(Data)
◆ ◆ ◆ ◆

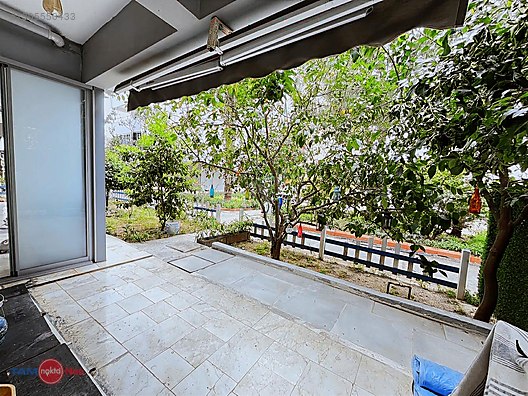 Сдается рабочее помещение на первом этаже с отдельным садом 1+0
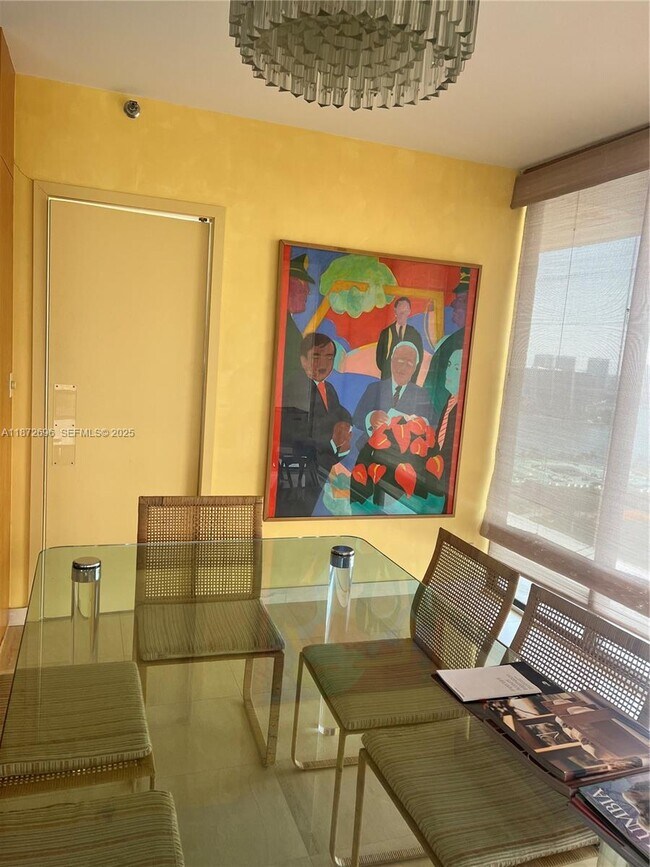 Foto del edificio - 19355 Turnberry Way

◆ ◆ ◆ ◆

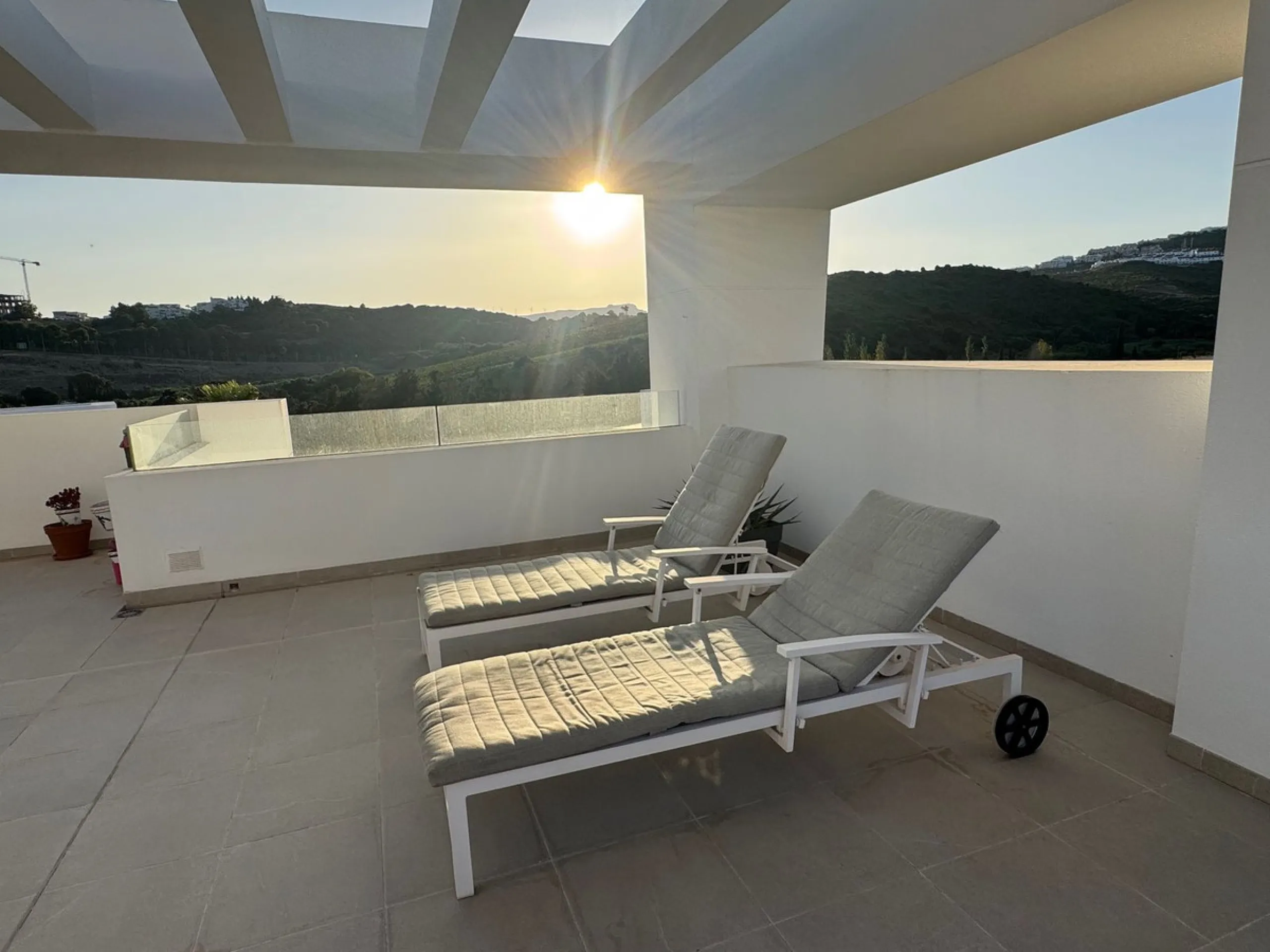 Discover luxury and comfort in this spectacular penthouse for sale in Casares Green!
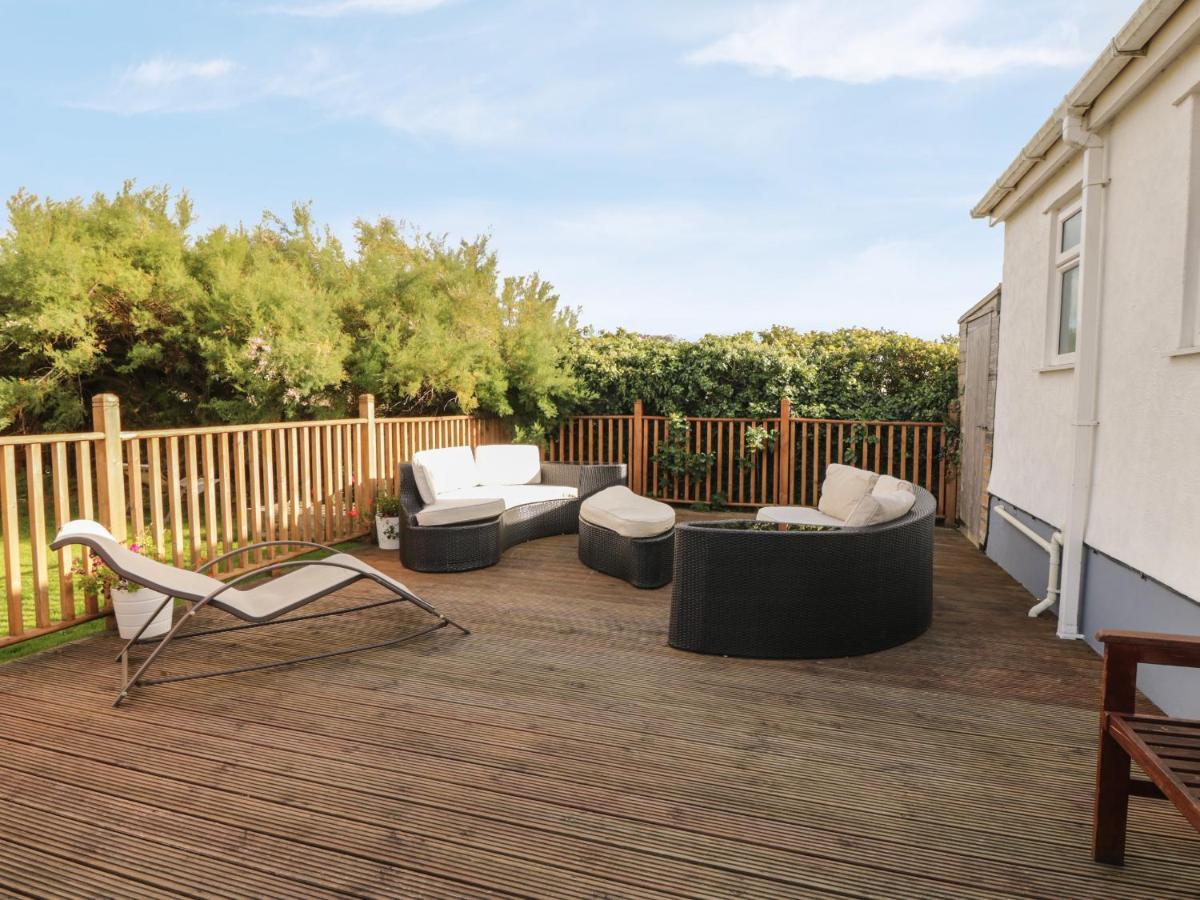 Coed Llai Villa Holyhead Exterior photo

◆ ◆ ◆ ◆

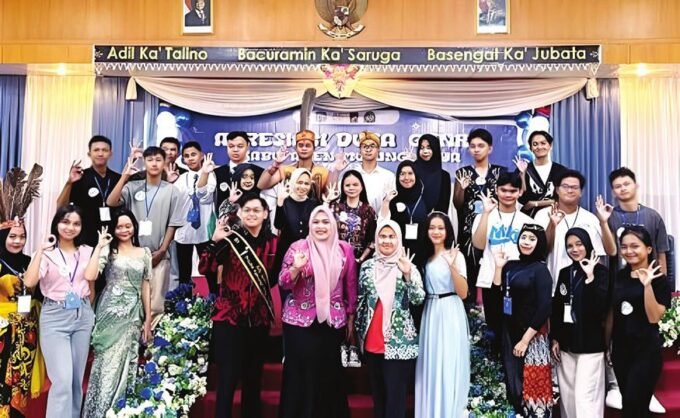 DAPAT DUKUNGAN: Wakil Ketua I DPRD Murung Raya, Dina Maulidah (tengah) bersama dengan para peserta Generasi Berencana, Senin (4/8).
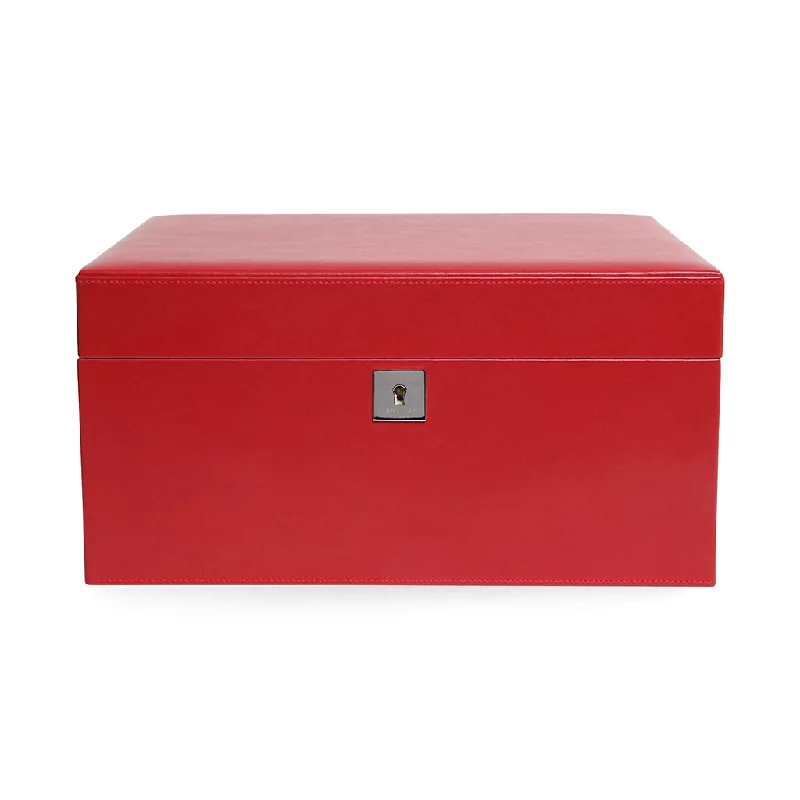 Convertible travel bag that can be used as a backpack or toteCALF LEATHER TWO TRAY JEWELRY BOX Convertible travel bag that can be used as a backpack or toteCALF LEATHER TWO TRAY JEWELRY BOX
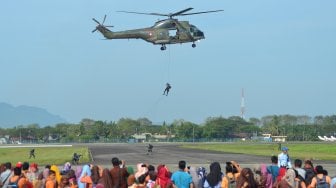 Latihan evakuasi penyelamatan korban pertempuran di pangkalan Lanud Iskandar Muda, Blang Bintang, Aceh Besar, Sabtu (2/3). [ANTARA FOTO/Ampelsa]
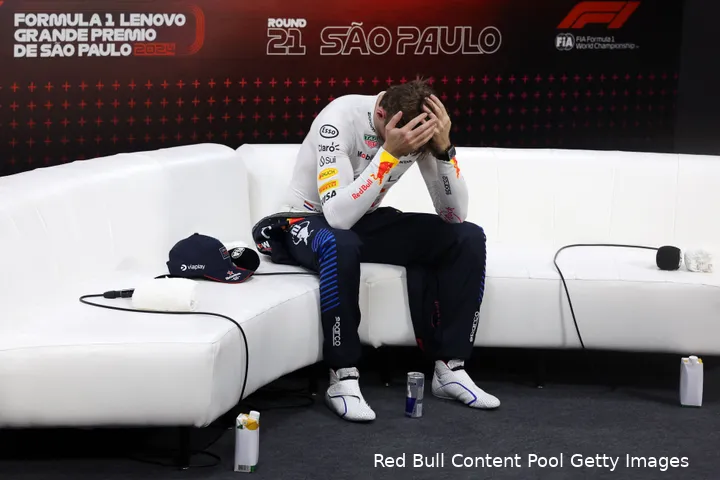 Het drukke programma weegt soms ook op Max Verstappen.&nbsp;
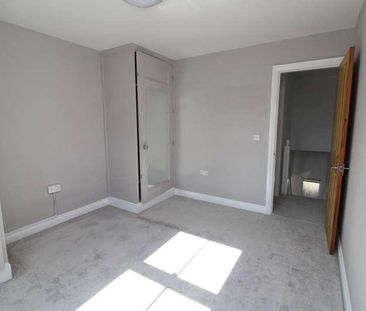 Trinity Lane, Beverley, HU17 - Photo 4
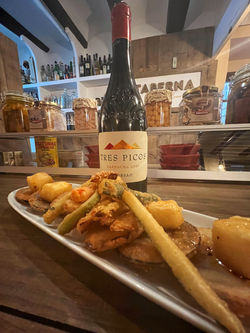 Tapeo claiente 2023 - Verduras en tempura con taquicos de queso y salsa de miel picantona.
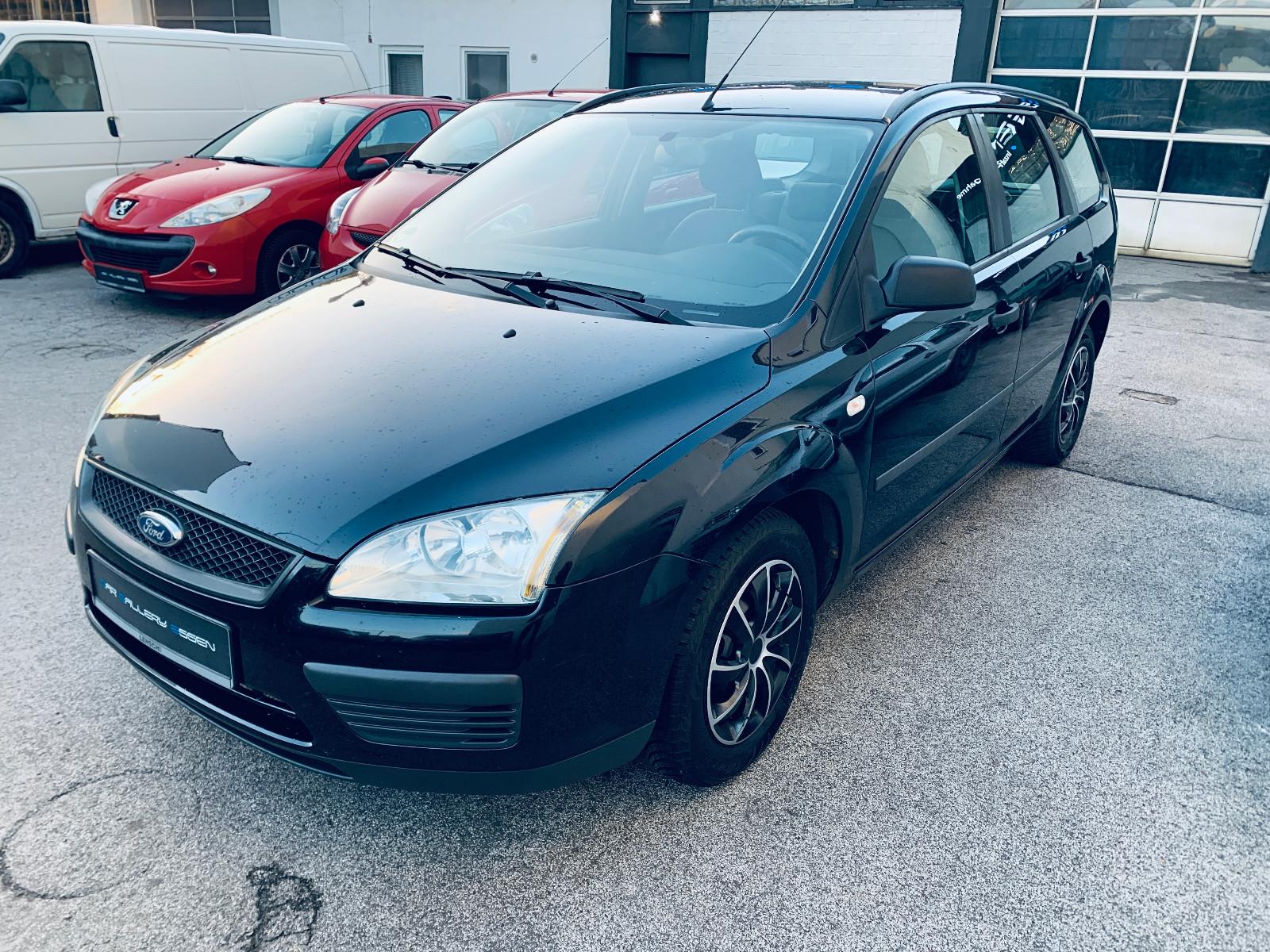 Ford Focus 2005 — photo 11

◆ ◆ ◆ ◆

(Problem to work on) Go to the line above holding "Latihan evakuasi penyelamatan", then copy exactly each line down to and including the one holding "Ford Focus 2005 — photo 11", leaving pictures out.

(Exercise response)
 Latihan evakuasi penyelamatan korban pertempuran di pangkalan Lanud Iskandar Muda, Blang Bintang, Aceh Besar, Sabtu (2/3). [ANTARA FOTO/Ampelsa]
 Het drukke programma weegt soms ook op Max Verstappen.&nbsp;
 Trinity Lane, Beverley, HU17 - Photo 4
 Tapeo claiente 2023 - Verduras en tempura con taquicos de queso y salsa de miel picantona.
 Ford Focus 2005 — photo 11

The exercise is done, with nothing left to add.